Kamu emekçisine yine kaynak yok
Kamu Emekçileri Sendikaları Konfederasyonu Araştırma Merkezi (KESK-AR), kamu emekçilerinin bugünün parası ile 1993 yılında kazandıkları ücretten reel olarak 150 YTL az kazandıklarını belirtiyor.
KESK-AR, 2007 Bütçe tasarısına göre ve Orta Vadeli Mali Plan'da personel giderlerinin Gayri Safi Yurtiçi Hasıla'daki (GSYİH) tahmini payının 2007'de yüzde 6,97, 2008'de yüzde 6,54, 2009'da yüzde 6,14 olduğunu aktardı.
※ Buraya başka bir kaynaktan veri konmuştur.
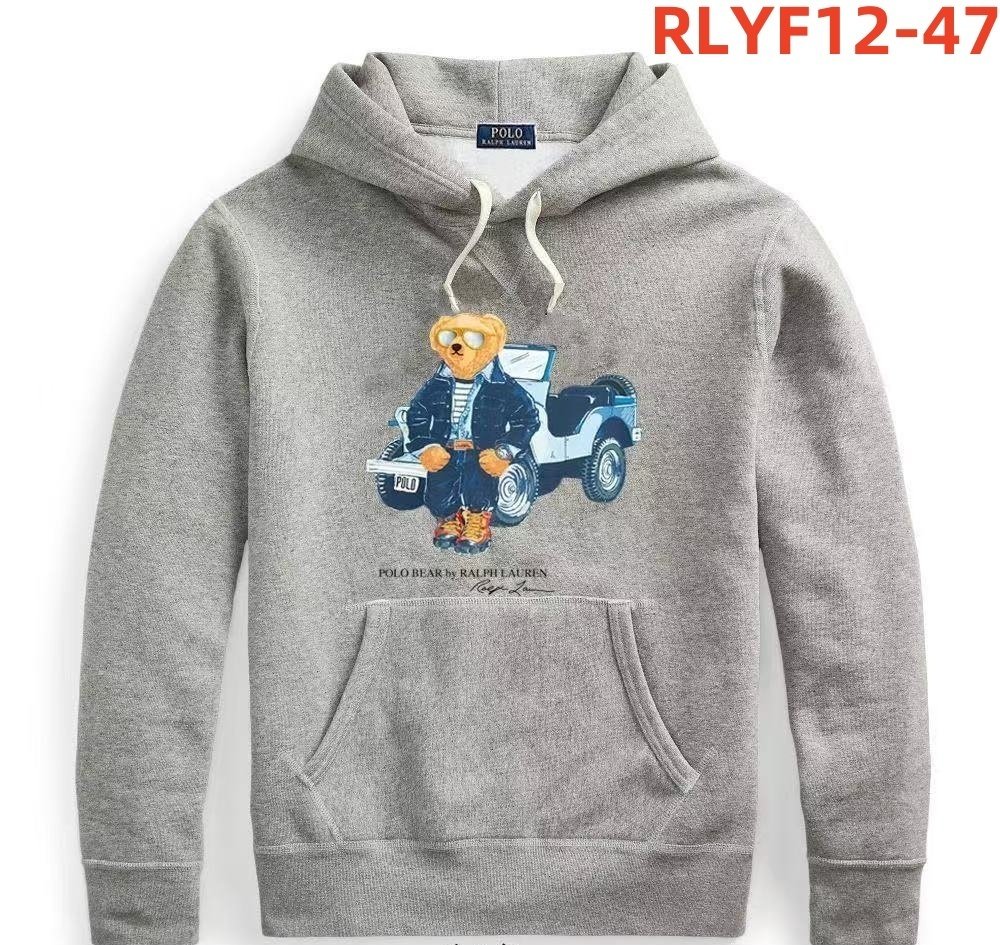 קפוצ׳ון של פולו ראלף לורן – תמונה 47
Gayri Safi Milli Hasıla'dan (GSMH) en az payı alan kamu çalışanının Türkiye'de olduğuna dikkat çeken KESK-AR, daha önce Avrupa'da 25 ülkeyi esas alınarak yaptıkları araştırmanın sonuçlarına göre kamu çalışanlarının GSMH içindeki payı 2005 yılı için yüzde 10,84 iken, Türkiye'de bu oran yüzde 6'lar düzeyinde olduğunu hatırlattı.
Türkiye'de yeterince kamu emekçisi yok!
OECD ülkeleri arasında nüfusa ve toplam çalışan sayısına oranla en az kamu emekçisi istihdam eden ülke olmasına karşın Türkiye'de "verimlilik" ve "tasarruf" gerekçesiyle "memurların azaltılması" talepleri gündemden düşmüyor.
Türkiye'de kamu çalışanlarının toplam nüfusa ve istihdama oranları da sayının yetersizliğini gösteriyor. 2001 OECD araştırmasına göre neo-liberal politikaların sürdürüldüğü ülkelerden Finlandiya'da her 4 çalışandan ve ülkede yaşayan her 10 kişiden biri kamu emekçisiyken Türkiye'de her 10 çalışandan ve her 35 yurttaştan biri kamu emekçisi. (KÖ)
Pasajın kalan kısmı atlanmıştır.